- _REQUIRED ACTION_:
Wherever the line with "猛犸牙镶嵌五条文随形珠项链" sits in the listing below, transcribe from it up to and including the line with "Werdende Uroma 2026", exactly, and leave the remaining lines out.

★ ★ ★ ★ ★

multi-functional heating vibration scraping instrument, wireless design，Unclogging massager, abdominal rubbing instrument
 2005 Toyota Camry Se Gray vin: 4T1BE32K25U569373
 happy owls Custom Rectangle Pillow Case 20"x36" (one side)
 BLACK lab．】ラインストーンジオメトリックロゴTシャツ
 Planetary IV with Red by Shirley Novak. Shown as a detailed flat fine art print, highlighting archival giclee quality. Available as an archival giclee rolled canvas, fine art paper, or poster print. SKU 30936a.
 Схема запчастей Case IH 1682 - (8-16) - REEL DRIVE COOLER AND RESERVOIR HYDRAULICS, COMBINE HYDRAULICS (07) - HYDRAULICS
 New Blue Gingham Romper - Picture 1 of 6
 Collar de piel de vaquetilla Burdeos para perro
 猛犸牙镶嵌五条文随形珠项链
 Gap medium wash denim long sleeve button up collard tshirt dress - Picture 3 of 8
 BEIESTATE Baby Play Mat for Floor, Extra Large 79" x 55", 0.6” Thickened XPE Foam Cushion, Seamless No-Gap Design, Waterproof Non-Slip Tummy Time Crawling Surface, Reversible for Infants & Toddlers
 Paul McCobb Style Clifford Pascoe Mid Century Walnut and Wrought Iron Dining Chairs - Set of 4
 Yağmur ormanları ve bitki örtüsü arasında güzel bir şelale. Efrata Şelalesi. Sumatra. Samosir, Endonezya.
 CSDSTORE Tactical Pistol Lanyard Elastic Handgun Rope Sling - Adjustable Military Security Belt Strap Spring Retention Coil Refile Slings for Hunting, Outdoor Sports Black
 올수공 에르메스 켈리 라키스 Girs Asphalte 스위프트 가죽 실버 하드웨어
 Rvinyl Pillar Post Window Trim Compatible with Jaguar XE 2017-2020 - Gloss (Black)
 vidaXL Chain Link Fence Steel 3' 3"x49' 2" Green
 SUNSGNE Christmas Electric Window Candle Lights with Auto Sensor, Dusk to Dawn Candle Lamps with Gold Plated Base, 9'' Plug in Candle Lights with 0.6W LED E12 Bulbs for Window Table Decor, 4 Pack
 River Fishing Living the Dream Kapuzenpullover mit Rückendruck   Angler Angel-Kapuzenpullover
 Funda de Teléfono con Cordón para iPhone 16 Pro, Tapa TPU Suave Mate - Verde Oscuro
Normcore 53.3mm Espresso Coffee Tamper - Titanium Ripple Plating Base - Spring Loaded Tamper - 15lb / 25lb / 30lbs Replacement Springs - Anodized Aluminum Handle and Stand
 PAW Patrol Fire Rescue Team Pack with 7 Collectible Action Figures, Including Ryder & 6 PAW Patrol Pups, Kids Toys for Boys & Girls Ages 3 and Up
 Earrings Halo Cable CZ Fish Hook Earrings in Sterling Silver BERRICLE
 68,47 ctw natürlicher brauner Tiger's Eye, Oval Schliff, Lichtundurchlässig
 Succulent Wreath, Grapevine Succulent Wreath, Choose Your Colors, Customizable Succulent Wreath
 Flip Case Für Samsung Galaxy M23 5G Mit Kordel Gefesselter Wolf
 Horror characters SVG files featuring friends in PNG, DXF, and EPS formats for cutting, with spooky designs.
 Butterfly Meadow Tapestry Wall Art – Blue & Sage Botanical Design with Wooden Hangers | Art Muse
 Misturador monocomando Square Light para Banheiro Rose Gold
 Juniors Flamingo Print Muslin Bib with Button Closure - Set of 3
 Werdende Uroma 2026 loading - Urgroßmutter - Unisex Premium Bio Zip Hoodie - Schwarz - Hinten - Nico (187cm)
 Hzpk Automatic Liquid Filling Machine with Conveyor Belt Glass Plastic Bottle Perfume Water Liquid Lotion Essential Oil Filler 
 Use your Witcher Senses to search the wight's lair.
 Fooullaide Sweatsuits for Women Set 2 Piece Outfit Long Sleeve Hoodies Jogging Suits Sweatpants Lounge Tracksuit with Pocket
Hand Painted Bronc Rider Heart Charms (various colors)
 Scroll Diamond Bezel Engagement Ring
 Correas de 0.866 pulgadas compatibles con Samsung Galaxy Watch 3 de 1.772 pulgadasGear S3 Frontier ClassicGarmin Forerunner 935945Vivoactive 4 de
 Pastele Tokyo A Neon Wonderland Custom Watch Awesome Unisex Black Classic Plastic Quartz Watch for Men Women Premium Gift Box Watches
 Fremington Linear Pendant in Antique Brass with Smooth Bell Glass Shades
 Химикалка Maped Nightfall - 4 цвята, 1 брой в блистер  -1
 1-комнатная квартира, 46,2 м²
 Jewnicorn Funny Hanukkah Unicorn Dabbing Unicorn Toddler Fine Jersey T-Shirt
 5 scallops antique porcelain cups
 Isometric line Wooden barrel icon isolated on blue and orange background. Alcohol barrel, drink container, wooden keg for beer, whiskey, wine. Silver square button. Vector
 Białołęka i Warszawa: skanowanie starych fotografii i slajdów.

★ ★ ★ ★ ★

- _ANSWER TO THIS PROBLEM_:
 猛犸牙镶嵌五条文随形珠项链
 Gap medium wash denim long sleeve button up collard tshirt dress - Picture 3 of 8
 BEIESTATE Baby Play Mat for Floor, Extra Large 79" x 55", 0.6” Thickened XPE Foam Cushion, Seamless No-Gap Design, Waterproof Non-Slip Tummy Time Crawling Surface, Reversible for Infants & Toddlers
 Paul McCobb Style Clifford Pascoe Mid Century Walnut and Wrought Iron Dining Chairs - Set of 4
 Yağmur ormanları ve bitki örtüsü arasında güzel bir şelale. Efrata Şelalesi. Sumatra. Samosir, Endonezya.
 CSDSTORE Tactical Pistol Lanyard Elastic Handgun Rope Sling - Adjustable Military Security Belt Strap Spring Retention Coil Refile Slings for Hunting, Outdoor Sports Black
 올수공 에르메스 켈리 라키스 Girs Asphalte 스위프트 가죽 실버 하드웨어
 Rvinyl Pillar Post Window Trim Compatible with Jaguar XE 2017-2020 - Gloss (Black)
 vidaXL Chain Link Fence Steel 3' 3"x49' 2" Green
 SUNSGNE Christmas Electric Window Candle Lights with Auto Sensor, Dusk to Dawn Candle Lamps with Gold Plated Base, 9'' Plug in Candle Lights with 0.6W LED E12 Bulbs for Window Table Decor, 4 Pack
 River Fishing Living the Dream Kapuzenpullover mit Rückendruck   Angler Angel-Kapuzenpullover
 Funda de Teléfono con Cordón para iPhone 16 Pro, Tapa TPU Suave Mate - Verde Oscuro
Normcore 53.3mm Espresso Coffee Tamper - Titanium Ripple Plating Base - Spring Loaded Tamper - 15lb / 25lb / 30lbs Replacement Springs - Anodized Aluminum Handle and Stand
 PAW Patrol Fire Rescue Team Pack with 7 Collectible Action Figures, Including Ryder & 6 PAW Patrol Pups, Kids Toys for Boys & Girls Ages 3 and Up
 Earrings Halo Cable CZ Fish Hook Earrings in Sterling Silver BERRICLE
 68,47 ctw natürlicher brauner Tiger's Eye, Oval Schliff, Lichtundurchlässig
 Succulent Wreath, Grapevine Succulent Wreath, Choose Your Colors, Customizable Succulent Wreath
 Flip Case Für Samsung Galaxy M23 5G Mit Kordel Gefesselter Wolf
 Horror characters SVG files featuring friends in PNG, DXF, and EPS formats for cutting, with spooky designs.
 Butterfly Meadow Tapestry Wall Art – Blue & Sage Botanical Design with Wooden Hangers | Art Muse
 Misturador monocomando Square Light para Banheiro Rose Gold
 Juniors Flamingo Print Muslin Bib with Button Closure - Set of 3
 Werdende Uroma 2026 loading - Urgroßmutter - Unisex Premium Bio Zip Hoodie - Schwarz - Hinten - Nico (187cm)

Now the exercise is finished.